The pupil of Hutcheson was also in many ways the philosophical disciple and ally of Hume. Their intercourse during all these years was close and constant. They paid mutual visits, and interchanged many letters, too few of which have been preserved. Hume had been abroad, or at Ninewells, during most of Smith’s stay in Edinburgh, and had only just made Edinburgh his home when Smith obtained the professorship at Glasgow; but, as Mr. Rae notes, before a year was out, Smith’s “dear sir” had ripened into “my dearest friend,” and on these terms the two philosophers remained until death parted them.

We have seen how in the spring of 1759 Charles Townshend was much taken with the Theory of Moral Sentiments, and told Oswald he would put his young ward the Duke of Buccleuch under the author’s care.
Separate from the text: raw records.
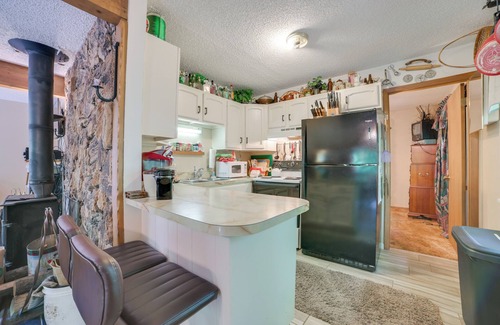 Elmira Cabin | Resort-Style Perks - Cabin in Lakes of the North!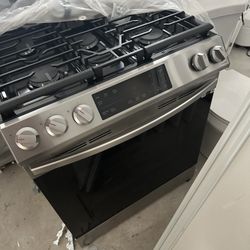 Brand New Samsung stove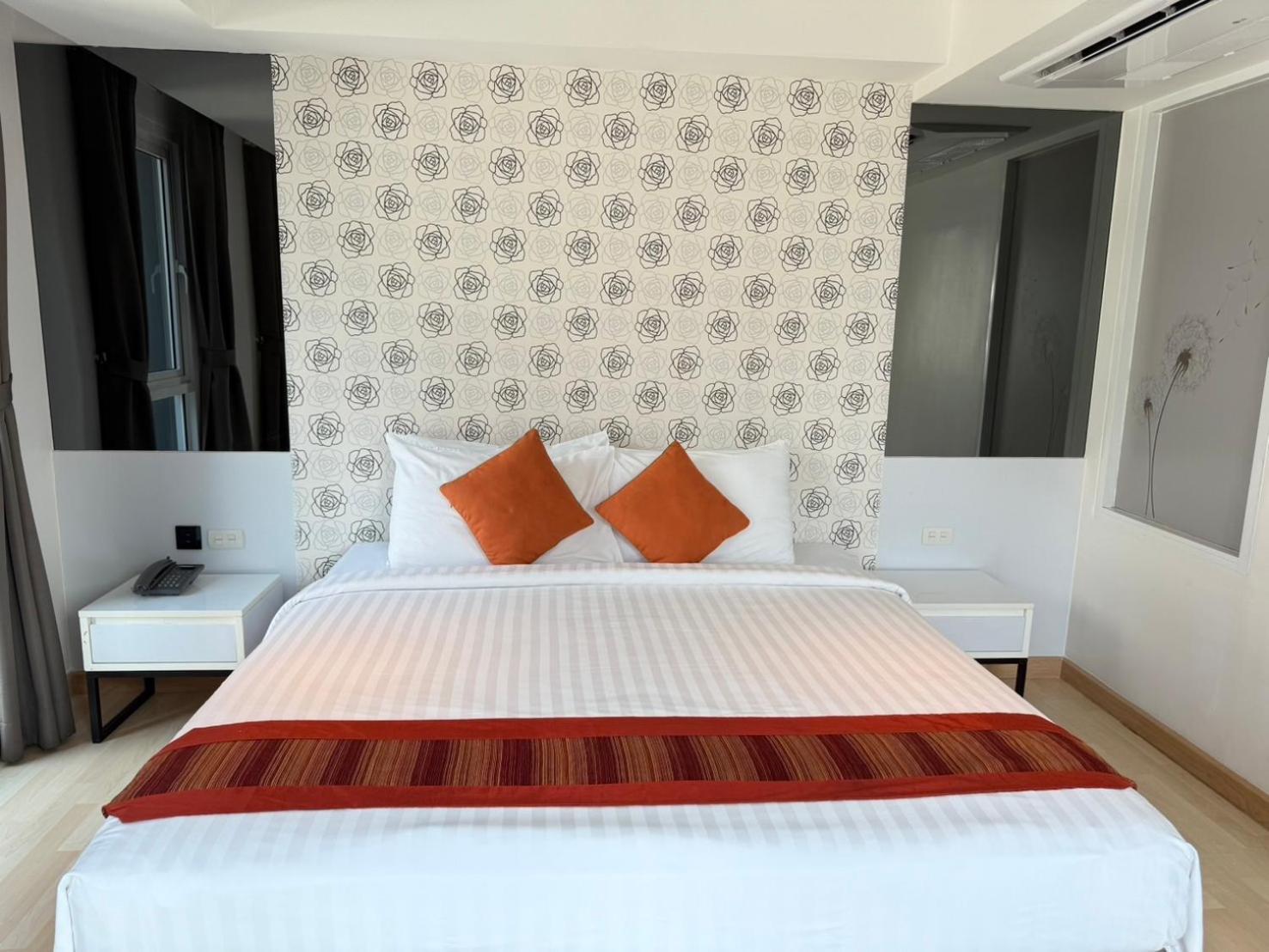 Le D'Tel Bangkok Otel Dış mekan fotoğraf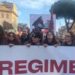 “Siamo 50.000”, a Roma il corteo contro il ddl sicurezza. Manifesto con bacio Meloni-Mussolini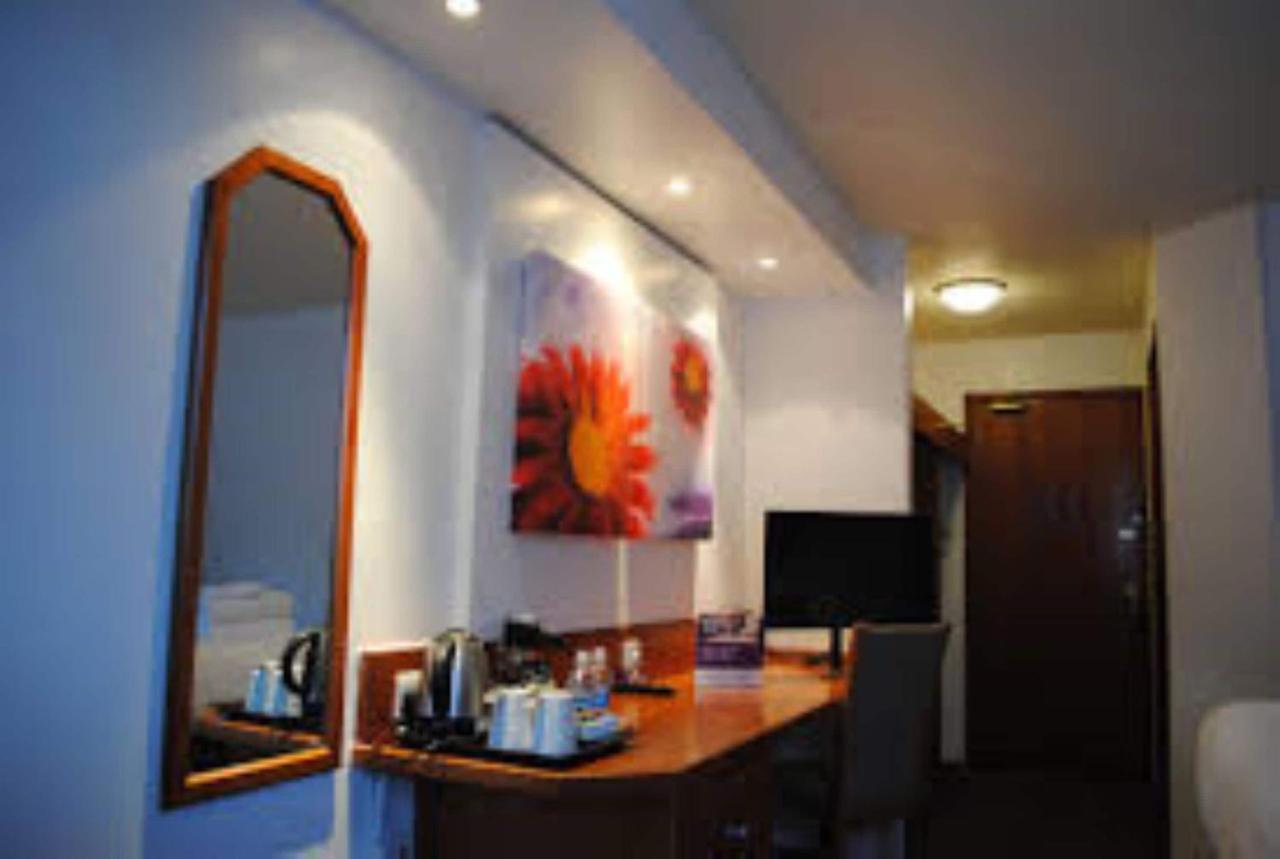 Bluemont Hotel Бромсгроув Екстериор снимка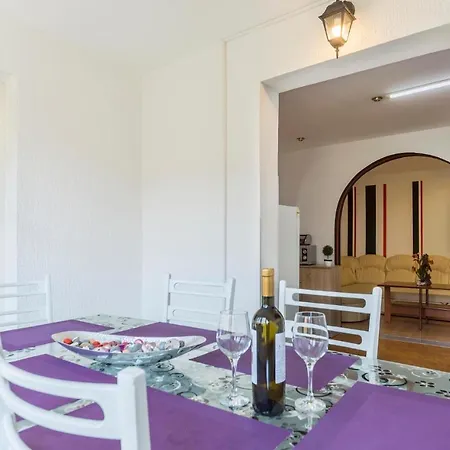 2 Bedroom Stunning In *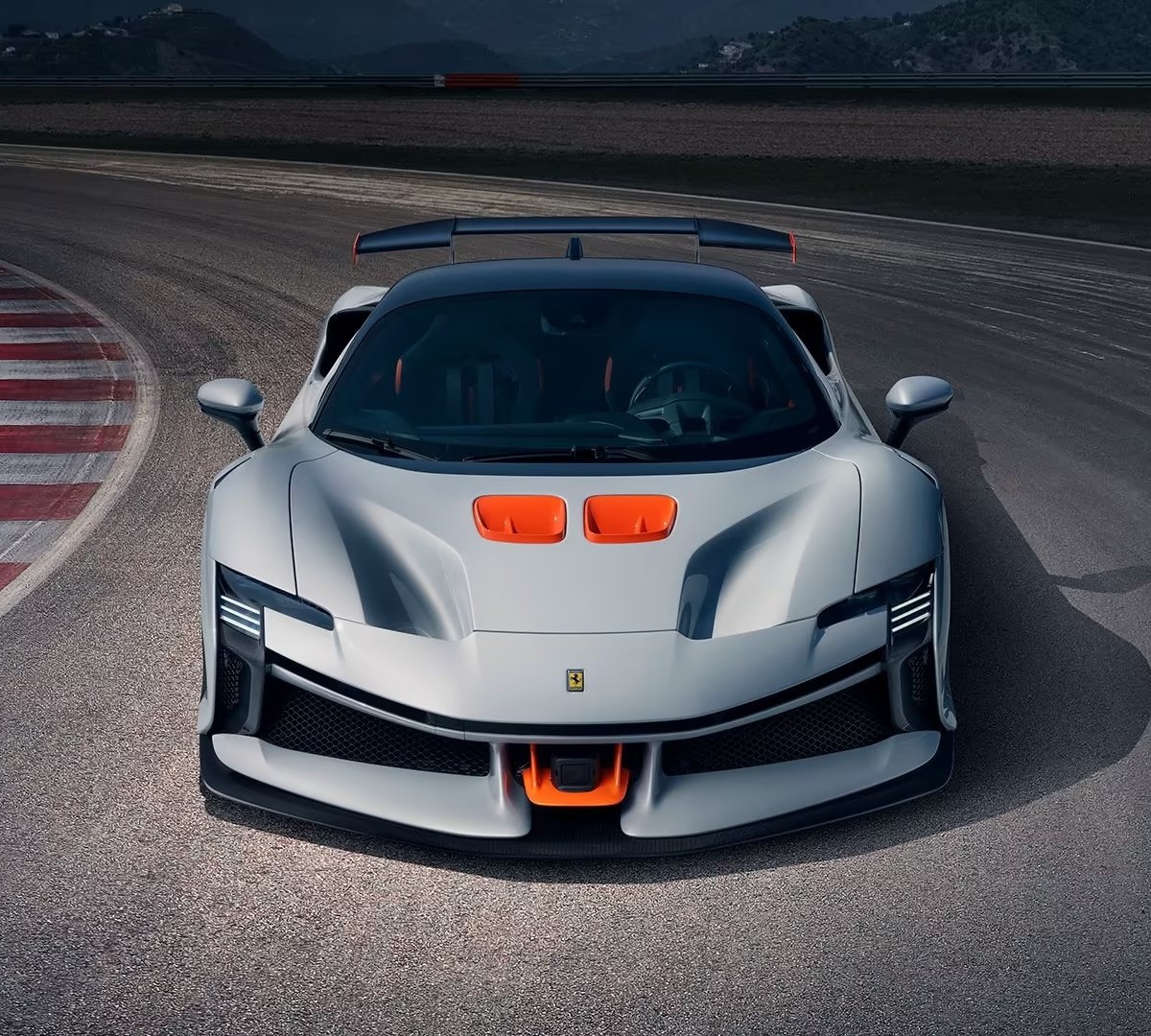 Ferrari SF90 XX Stradale é apresentado com 1.030 cv e maior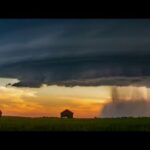 WATCH: Amazing video shows supercell thunderstorm in Canada 8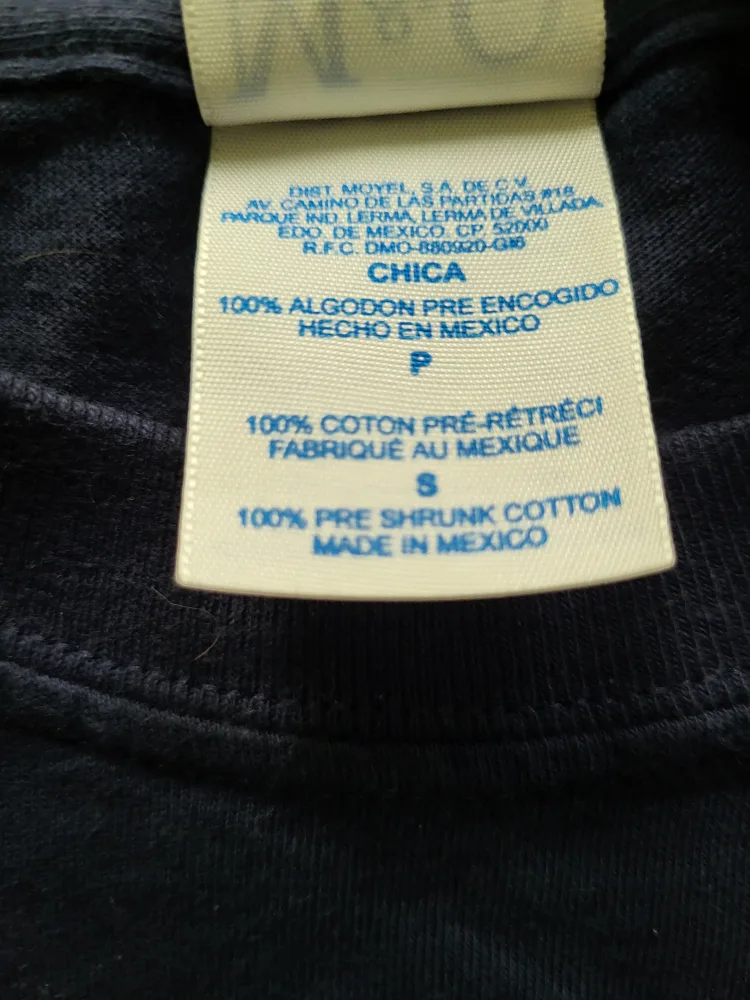 #freecycle 2 Tops Official Queen's Tee 100% Cotton & Bershka Sm image indicator(3)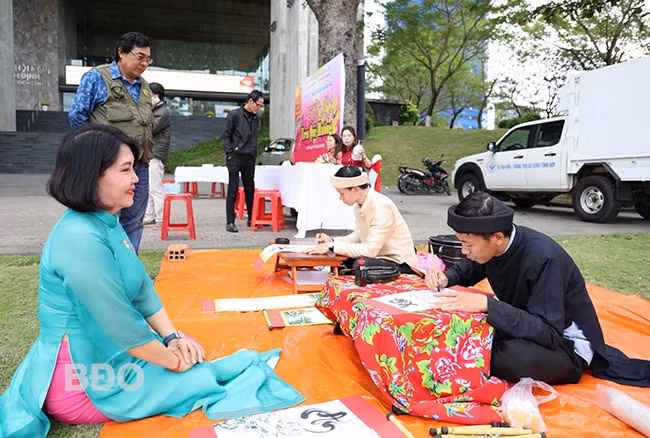 Công chúng thích thú với hoạt động trình diễn thư pháp tại Hội thơ Nguyên tiêu Bình Định năm 2025. Ảnh: K.VY Công chúng thích thú với hoạt động trình diễn thư pháp tại Hội thơ Nguyên tiêu Bình Định năm 2025. Ảnh: K.VY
Hume did not at first believe that Townshend would persevere, or if he did, that he would offer such terms as would tempt Smith from Glasgow. But on this occasion he was in earnest and never relinquished the idea, anxious, it is said, to connect the fleeting fame of a parliamentarian with the lasting renown of a philosopher. Townshend had married the widowed Countess of Dalkeith. Her eldest son, the Duke of Buccleuch, was then a boy at Eton, under Hallam, father of the historian. The time when his stepson would leave school was still distant, but Townshend had made up his mind to send the boy abroad. In England it was becoming more and more the fashion for the sons of the nobility to travel abroad when they left school, instead of going to one of the universities. It was thought that they returned home much improved by their travels, and with some knowledge of one or two living languages, whereas if they went to Oxford or Cambridge they would learn nothing but idleness and dissipation. Adam Smith himself afterwards came to the conclusion that foreign travel was no substitute for a sound university training. The schoolboy, he wrote after his continental tour, “commonly returns home more conceited, more unprincipled, more dissipated, and more incapable of any serious application either to study or business, than he could well have become in so short a time had he lived at home.... Nothing but the discredit into which the universities had fallen could ever have brought into repute so very absurd a practice.”[20]